Il ping pong non è mai stato così redditizio e spettacolare. A24, la casa di produzione indipendente che ha ridefinito il cinema contemporaneo, può festeggiare un nuovo, straordinario traguardo finanziario. Secondo quanto riportato da Variety, Marty Supreme ha ufficialmente superato la soglia psicologica e commerciale dei 100 milioni di dollari al botteghino mondiale. La pellicola, diretta dall’energia frenetica di Josh Safdie e interpretata da un magnetico Timothée Chalamet, si conferma come una delle sorprese più eclatanti di questa stagione cinematografica, trasformando una storia di nicchia sullo sport da tavolo in un blockbuster d’autore capace di attrarre le masse.

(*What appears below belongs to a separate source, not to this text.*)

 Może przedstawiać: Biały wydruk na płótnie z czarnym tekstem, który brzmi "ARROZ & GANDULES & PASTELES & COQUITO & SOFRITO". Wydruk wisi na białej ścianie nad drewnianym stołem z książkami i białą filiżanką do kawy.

L’effetto Chalamet e il record per Josh Safdie
Il raggiungimento dei 100 milioni di dollari non è solo una vittoria per lo studio, ma una conferma definitiva dello status di superstar globale di Timothée Chalamet. L’attore, che veste i panni del leggendario campione di ping pong Marty Reisman, ha dimostrato ancora una volta di essere uno dei pochissimi volti in grado di trascinare il pubblico in sala basandosi quasi esclusivamente sul proprio nome, indipendentemente dal genere del film (passando con disinvoltura dalla fantascienza di Dune al biopic sportivo).
Per il regista Josh Safdie, qui al suo primo lavoro in solitaria dopo la separazione artistica dal fratello Benny, Marty Supreme rappresenta il film di maggior incasso della carriera. Il lungometraggio ha superato ampiamente i risultati ottenuti dai suoi precedenti cult come Diamanti Grezzi (Uncut Gems), consolidando la sua posizione come uno dei cineasti più elettrizzanti e commerciabili del panorama americano.
A24 nell’olimpo: tra incassi e corsa agli Oscar
Con questo risultato, Marty Supreme entra di diritto nell’élite dei titoli di maggior successo nella storia di A24, affiancandosi a fenomeni come Everything Everywhere All At Once e Civil War, che insieme a Material Love sono gli unici ad aver superato 100 milioni al botteghino. Il tempismo di questo traguardo è perfetto: il film sta vivendo un momento d’oro non solo al botteghino ma anche nel circuito dei premi, con le recenti nomination ai DGA Awards e le menzioni nelle longlist dei BAFTA. La combinazione tra successo di critica, passaparola entusiasta del pubblico e una campagna marketing virale ha permesso al film di mantenere una tenitura nelle sale eccezionale, continuando a macinare incassi settimane dopo il debutto.